Automatic Language Identification represents an important task for improving many real-world applications such as opinion mining and machine translation. In the case of closely-related languages such as regional dialects, this task is often challenging.
In this project, we propose an extensive evaluation of different approaches for the identification of 11 Italian dialects and languages, spanning from classical machine learning models to more complex neural architectures and state-of-the-art pre-trained language models. Surprisingly, shallow machine learning models managed to outperform huge pre-trained language models in this specific task.
This work was developed in the context of the Identification of Languages and Dialects of Italy (ITDI) task organized at VarDial 2022 Evaluation Campaign. Our best submission managed to achieve a weighted f1-micro score of 0.6880, ranking 5th out of 9 final submissions.
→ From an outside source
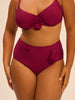 Bikini-Slip mit hohem Bund. - Cranberry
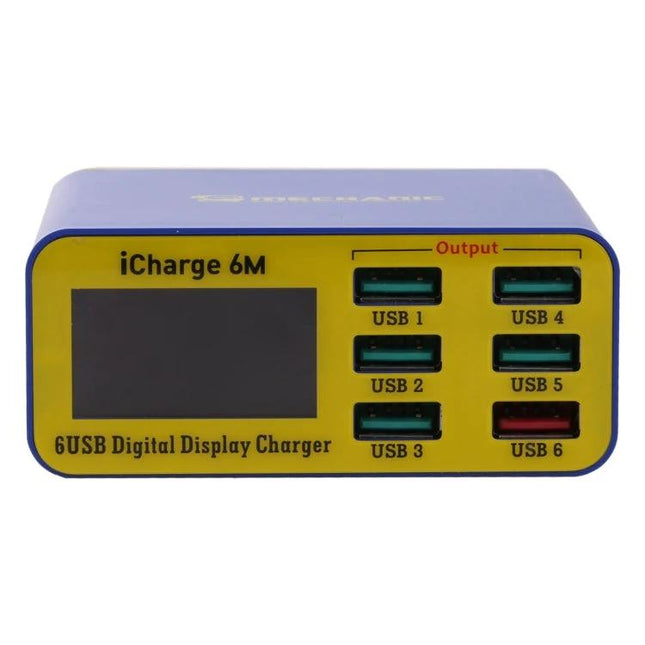 Mechanic iCharge 6M USB Smart Charger with LCD for Daily Use, EU Plug - 6 USB ports with LCD display for home and office charging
We provide participants with Wikipedia dumps (“pages-articles-multistream.xml.bz2”, from 01.03.2022) of 11 languages and dialects of Italy for training (Piedmontese, Venetian, Sicilian, Neapolitan, Emilian-Romagnol, Tarantino, Sardinian, Ligurian, Friulian, Ladin, Lombard). The Standard Italian raw Wikipedia dump may also be used as training data, but there will not be any instances of Standard Italian in the development and test sets. Please use the provided script to download (and extract, if you wish) the dumps to make sure you work with the correct kind and date of the dump.
The task is classification, i.e. the model is required to discriminate between different language varieties. As the training data is provided in the form of raw Wikipedia dumps, careful pre-processing of the data is part of the task. The task is closed, therefore, participants are not allowed to use external data to train their models. Exceptions are off-the-shelf pre-trained language models from the HuggingFace model hub or similar, the use of which has to be clearly stated. The test set will contain newly collected text samples of a subset of the given language varieties for training. The systems will be evaluated on sentence level.
Verify that conda is installed and running on your system by typing:
conda --version
To install the environment, simply run the following commands in the main project folder:
conda env create
conda activate cs4nlp
To download and parse the dataset, use the following commands.
pip install wikiextractor
cd data/
chmod 700 create.sh
./create.sh
The script create.sh
will automatically download, preprocess and export to csv the Wikipedia dumps used as training data.
The wikipedia dataset is licensed under a Creative Commons Attribution-ShareAlike 3.0 Unported License.